Femmes violentées: une solution, vite !
Notre Premier ministre qui conteste les statistiques révélées par le HCP, la situation est d’un ridicule ! 60% de femmes violentées au Maroc, ce ne serait pas réaliste selon Benkirane… Le Premier ministre semble bien connaître les ménages marocains et ce, dans leur intimité. Il faudrait noter que la violence envers les femmes ne se limite certainement pas au sang qui coule à flot. La violence peut être physique (plus ou moins grave) ou morale. Le machisme par exemple, peut être considérée comme une violence envers les femmes et il faut l’avouer, nos Marocains ne sont pas les plus galants qui soient. La violence envers les petites bonnes dans les familles peut également être ajoutée au compteur. Et j’en passe des meilleures ! Ainsi, notre chef de gouvernement aurait peut-être dû attendre un peu avant de juger le travail du HCP. Personnellement, je ne sais pas trop ce que vaut ce pourcentage, seulement il est clair que ce sujet nécessite beaucoup plus de travail en profondeur sur la mentalité de nos concitoyens. Qu’il y ait 50, 30 ou même 10% de femmes violentées au Maroc, le chiffre est toujours énorme et il faut trouver une solution.
E. S.
Femmes battues : Chiffres impossibles
Difficile de calculer le nombre de femmes battues dans notre pays. Le pourcentage de 60% est épouvantable: il laisse pantois ! Je comprends que notre Premier ministre ait été choqué par ce chiffre! Mais pris individuellement, l’homme marocain est coléreux et violent.
Dans son enfance, il a souvent vu son père frapper sa mère -qu’il soit citadin ou originaire de la campagne! Quand il  tabasse  sa femme, il reproduit ce qu’il a observé dans sa famille ! La manifestation qui eut lieu à Rabat devant le Parlement fut bénéfique : elle portera ses fruits dans l’opinion publique et dans la pratique- en attendant la loi qui condamnera sévèrement celui qui porte la main contre sa femme ! Aux femmes du Parlement d’agir rapidement -tant que ce sujet est dans le vent ! Qu’elles bougent ! La ministre de la famille suivra, c’est sûr!
D. D.

 

Mariage des mineures violées: L’article 475 est innocent !

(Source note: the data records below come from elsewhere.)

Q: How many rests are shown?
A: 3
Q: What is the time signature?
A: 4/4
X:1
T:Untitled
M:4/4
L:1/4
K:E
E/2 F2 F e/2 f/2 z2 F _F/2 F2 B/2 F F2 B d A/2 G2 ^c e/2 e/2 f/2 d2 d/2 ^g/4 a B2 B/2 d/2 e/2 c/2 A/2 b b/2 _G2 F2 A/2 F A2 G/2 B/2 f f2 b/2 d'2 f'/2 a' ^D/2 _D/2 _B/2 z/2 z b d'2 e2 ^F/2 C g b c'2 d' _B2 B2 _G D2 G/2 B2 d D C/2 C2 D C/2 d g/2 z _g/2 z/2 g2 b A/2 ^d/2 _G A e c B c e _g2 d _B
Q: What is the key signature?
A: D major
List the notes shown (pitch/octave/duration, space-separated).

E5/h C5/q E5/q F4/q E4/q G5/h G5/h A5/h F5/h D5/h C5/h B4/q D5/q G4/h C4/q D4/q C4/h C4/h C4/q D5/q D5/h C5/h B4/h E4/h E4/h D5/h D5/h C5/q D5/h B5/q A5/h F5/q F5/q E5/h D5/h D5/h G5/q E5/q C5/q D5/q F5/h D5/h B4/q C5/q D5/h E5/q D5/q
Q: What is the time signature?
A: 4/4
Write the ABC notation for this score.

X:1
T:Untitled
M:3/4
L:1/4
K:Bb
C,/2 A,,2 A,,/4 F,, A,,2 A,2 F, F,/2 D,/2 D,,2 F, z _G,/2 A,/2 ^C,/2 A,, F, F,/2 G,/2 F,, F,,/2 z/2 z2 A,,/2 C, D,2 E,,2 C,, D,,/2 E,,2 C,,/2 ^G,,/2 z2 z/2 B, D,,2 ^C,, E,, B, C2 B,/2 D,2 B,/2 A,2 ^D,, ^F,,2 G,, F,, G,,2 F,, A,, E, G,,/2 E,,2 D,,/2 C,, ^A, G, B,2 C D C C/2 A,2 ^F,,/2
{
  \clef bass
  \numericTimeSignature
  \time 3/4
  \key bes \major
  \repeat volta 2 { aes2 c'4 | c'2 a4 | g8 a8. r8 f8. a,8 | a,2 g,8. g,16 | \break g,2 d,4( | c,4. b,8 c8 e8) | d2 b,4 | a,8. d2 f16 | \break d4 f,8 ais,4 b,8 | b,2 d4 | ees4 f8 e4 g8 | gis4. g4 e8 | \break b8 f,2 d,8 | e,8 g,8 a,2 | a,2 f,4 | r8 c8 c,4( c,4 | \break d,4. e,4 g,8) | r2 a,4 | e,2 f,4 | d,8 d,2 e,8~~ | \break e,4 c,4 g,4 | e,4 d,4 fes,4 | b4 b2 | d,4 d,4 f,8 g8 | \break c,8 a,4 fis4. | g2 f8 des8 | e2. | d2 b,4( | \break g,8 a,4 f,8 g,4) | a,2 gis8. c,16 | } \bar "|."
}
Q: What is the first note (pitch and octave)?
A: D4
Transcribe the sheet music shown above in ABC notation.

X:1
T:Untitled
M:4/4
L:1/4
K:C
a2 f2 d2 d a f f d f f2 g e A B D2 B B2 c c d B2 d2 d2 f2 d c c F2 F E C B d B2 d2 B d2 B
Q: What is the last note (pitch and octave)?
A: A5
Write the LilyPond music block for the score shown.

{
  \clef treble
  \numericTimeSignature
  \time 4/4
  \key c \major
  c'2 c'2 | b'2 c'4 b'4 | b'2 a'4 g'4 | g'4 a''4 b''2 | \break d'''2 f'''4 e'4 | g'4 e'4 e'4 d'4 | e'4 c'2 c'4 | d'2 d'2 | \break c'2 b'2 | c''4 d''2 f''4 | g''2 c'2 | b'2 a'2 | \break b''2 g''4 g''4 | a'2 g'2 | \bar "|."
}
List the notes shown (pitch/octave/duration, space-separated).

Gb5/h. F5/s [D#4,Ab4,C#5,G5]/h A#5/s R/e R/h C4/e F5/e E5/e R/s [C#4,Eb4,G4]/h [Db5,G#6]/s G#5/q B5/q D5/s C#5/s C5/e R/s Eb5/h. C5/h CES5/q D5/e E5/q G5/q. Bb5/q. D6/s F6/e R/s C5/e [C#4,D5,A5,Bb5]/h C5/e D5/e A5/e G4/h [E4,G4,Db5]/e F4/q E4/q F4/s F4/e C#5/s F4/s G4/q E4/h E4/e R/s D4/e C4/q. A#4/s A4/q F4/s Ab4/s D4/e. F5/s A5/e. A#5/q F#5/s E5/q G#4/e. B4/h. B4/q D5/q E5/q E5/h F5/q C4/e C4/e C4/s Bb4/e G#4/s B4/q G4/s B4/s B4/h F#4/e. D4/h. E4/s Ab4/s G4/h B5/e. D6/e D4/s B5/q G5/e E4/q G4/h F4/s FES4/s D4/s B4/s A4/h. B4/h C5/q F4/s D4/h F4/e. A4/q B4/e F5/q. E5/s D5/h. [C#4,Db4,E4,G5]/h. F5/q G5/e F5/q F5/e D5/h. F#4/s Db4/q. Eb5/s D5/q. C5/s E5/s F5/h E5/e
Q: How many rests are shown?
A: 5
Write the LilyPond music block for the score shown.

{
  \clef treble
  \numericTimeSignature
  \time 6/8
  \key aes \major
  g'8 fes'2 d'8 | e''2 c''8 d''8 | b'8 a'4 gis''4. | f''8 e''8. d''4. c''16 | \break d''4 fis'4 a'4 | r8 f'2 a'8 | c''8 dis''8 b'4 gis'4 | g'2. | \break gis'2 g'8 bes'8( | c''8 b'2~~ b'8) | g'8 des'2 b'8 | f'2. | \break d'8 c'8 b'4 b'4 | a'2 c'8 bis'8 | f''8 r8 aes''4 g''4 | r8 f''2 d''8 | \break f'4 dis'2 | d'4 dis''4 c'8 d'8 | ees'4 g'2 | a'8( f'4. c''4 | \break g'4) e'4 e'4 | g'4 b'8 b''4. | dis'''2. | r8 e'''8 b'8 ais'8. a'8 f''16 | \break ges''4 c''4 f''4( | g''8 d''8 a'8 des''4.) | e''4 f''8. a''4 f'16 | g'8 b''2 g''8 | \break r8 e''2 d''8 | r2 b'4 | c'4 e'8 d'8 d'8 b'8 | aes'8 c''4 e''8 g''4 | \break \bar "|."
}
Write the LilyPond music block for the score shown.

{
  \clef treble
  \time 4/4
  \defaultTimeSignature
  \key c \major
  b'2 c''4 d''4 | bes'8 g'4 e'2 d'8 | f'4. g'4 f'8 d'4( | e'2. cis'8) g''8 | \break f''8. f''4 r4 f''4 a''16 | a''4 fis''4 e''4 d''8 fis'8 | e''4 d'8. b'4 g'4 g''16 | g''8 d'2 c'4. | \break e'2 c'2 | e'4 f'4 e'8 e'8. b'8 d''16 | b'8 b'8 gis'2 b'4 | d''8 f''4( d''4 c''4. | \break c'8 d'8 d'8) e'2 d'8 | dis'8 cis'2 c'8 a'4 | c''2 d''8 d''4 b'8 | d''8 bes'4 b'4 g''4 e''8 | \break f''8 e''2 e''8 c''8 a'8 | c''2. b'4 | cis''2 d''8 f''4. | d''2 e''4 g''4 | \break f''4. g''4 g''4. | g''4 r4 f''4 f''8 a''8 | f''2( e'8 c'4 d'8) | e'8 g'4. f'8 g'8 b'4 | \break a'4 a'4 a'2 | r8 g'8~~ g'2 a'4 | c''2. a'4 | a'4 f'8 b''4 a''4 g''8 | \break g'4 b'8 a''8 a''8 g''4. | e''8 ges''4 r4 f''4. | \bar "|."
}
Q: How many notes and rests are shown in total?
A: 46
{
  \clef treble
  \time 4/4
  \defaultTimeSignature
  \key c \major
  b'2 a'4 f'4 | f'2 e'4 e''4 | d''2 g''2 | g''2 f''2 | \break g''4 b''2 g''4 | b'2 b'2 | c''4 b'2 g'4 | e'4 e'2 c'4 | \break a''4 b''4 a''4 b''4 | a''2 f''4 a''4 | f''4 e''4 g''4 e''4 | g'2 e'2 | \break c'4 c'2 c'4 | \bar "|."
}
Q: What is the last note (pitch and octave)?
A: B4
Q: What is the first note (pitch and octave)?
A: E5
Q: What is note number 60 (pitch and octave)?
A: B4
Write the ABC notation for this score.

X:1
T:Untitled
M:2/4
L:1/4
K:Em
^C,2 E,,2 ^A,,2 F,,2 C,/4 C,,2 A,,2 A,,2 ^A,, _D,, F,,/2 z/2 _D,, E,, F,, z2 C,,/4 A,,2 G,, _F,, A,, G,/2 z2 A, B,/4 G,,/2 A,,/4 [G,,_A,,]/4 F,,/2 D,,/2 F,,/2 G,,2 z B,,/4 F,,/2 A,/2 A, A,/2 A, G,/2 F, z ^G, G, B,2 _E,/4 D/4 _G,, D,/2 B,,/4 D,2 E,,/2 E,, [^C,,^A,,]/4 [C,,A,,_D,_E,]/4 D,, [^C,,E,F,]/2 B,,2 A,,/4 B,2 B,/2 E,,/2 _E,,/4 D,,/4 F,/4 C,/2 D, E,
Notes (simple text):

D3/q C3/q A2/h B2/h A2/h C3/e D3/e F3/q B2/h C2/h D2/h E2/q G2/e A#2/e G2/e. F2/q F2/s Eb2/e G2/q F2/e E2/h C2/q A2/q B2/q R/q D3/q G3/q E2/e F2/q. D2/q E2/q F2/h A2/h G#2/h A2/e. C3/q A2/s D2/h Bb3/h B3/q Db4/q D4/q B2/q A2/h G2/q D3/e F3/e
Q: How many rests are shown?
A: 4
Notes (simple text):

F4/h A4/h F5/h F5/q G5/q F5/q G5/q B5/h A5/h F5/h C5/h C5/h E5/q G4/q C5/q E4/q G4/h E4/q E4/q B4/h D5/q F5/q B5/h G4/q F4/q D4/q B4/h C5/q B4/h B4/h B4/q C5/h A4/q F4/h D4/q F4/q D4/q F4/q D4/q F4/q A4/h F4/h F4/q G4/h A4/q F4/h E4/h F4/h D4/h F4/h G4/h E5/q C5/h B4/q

Depuis que l’affaire de Amina, mineure mariée avec son  violeur, associations de défense des droits de l’homme, ONG féministes, intellectuels, partis politiques réclament la suppression de l’article 475 du code pénal. Le débat sur cet article a même dépassé nos frontières. Tout le monde se trompe ! En effet, que dit exactement l’article 475 ? «Quiconque, sans violences, menaces ou fraudes, enlève ou tente d’enlever ou de détourner, un mineur de moins de 18 ans est puni de l’emprisonnement d’un 1 à 5 ans et d’une amende de 200 à 500 DH. Lorsqu’une mineure nubile ainsi enlevée ou détournée a épousé son ravisseur, celui-ci ne peut être poursuivi sur la plainte des personnes ayant qualité pour demander l’annulation du mariage et ne peut être condamné qu’après que cette annulation a été prononcée». Il est donc clair que l’article 475 ne fait pas état de viol et encore moins d’absolution d’un viol via le mariage avec la victime. En fait, cette disposition parle d’une mineure qui a «fugué» avec une personne adulte, mais sans qu’il y ait viol. Si la fille mineure a été violée, dans ce cas, c’est l’article 486 du code pénal qui intervient. Dans ce cas, même si le violeur propose de se marier avec sa victime, il ne peut échapper à une peine d’emprisonnement de 10 à 20 ans. La réclusion peut aller jusqu’à 30 ans dans certains cas. Alors qu’on arrête d’induire les gens en erreur !
B. J.

 

Campagne anticorruption: Coup d’épée dans l’eau

La campagne anticorruption lancée actuellement par le gouvernement à travers la télévision ne devrait pas mettre fin à la corruption dans l’administration publique. Le seul moyen de lutter contre ce phénomène reste la dématérialisation des démarches administratives, la réduction du contact entre les citoyens et les fonctionnaires, la réduction du pouvoir discrétionnaire de l’Etat, la simplification ou même la suppression de certaines procédures. En effet, comment s’explique-t-on que l’on continue encore de demander une panoplie de pièces administratives pour obtenir un document ? Ce sont là des démarches qui font perdre beaucoup de temps aux citoyens et privent le pays d’énormes opportunités d’investissement. Allez expliquer, par exemple, à un investisseur allemand, qui effectue toutes ses démarches à partir de son ordinateur, que pour avoir, par exemple, une carte de résidence, il faut un extrait d’acte de naissance de moins de trois mois, un timbre fiscal de 100 DH, un certificat de résidence auprès de l’arrondissement. Une fois que le certificat de résidence est délivré, il faut déposer un nouveau dossier au commissariat du quartier pour demander une attestation de résidence, parce qu’il s’agit de deux documents différents. La procédure s’applique également aux nationaux pour l’obtention ou le renouvellement de la carte d’identité nationale ou du permis de conduire.
F. F.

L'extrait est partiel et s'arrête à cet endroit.